2017 yılında İstanbul Üniversitesi’nde kurulan Türkiye’nin ilk arttırılmış ve karma gerçeklik laboratuvarı Medikal Hologram Projesi, uygulamaları uzaktan eğitim sistemine entegre ederek eğitimi bir üst aşamaya taşıdı. Hologram hastalar ve öğrenciler, projede 2018 senesinde ilk defa sanal ortamda eğitime başladı.
Öğrenciler, özel olarak tasarlanmış program ile birlikte ilk olarak holografik hastaları muayene ve tedavi ederek tecrübeleniyor. 2017 senesinde sunduğu fikir ile TÜBİTAK ödülünü kazanan İstanbul Tıp Fakültesi Çocuk Cerrahisi Bölümü Araştırma Görevlisi Dr.

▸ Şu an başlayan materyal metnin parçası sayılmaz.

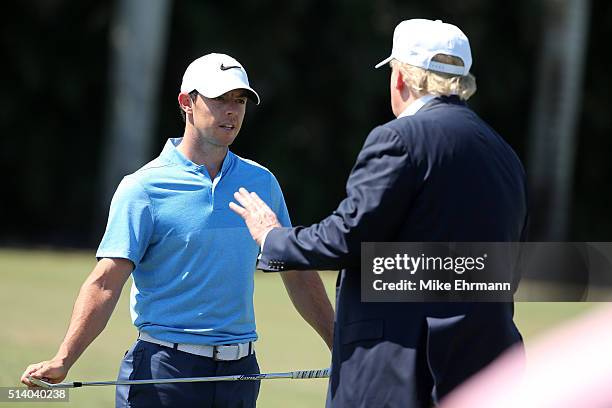 Republican presidential candidate Donald Trump makes an appearance prior to the start of play and speaks with golfer Rory McIlroy of Northern Ireland...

Mürsel Haspulat sayesinde proje dünya genelinde ilk Türkiye’de uygulanmaya başlandı.
Medikal Hologram Projesi ile Kadavra Uygulaması Tarihe Karışabilir
Uygulamaya ilişkin açıklamalarda bulunan İstanbul Üniversitesi Tıp Fakültesi Çocuk Cerrahisi Bölümü Arş. Gör. Dr. Mürsel Haspulat, “Medikal Hologram Projesi fikir olarak ilk kez 2016 yılında mayalandı. Tıp öğrencilerinin mezun olduktan sonraki anketlerine baktık, yüzde 50-60 oranında kendilerini yetersiz hissettiklerini gördük. Devamında Türkiye’ye ilk gelen arttırılmış gerçeklik gözlüklerinden biriydi bu, ne yapabiliriz diye düşününce kadavraları ve hastaları holografik olarak oluşturalım ve tıp öğrencileri bunların üzerinde deneyim kazansın diye düşündük. Çünkü tıp kontenjanları artıyor, her derse katılamıyor, yetersiz kalıyorlardı. Bu şekilde yapınca hem katman katman hastaları görmeye ve kadavraları birebir deneyimlemeye başladılar. Böylece daha iyi öğrendiklerini gördük. Dünyada ilk kez eğitime Çapa Tıp Fakültesinde almış olduk. Hatta buradaki artırılmış gerçeklik laboratuvarı da Türkiye’de ilk” açıklamalarını yaptı.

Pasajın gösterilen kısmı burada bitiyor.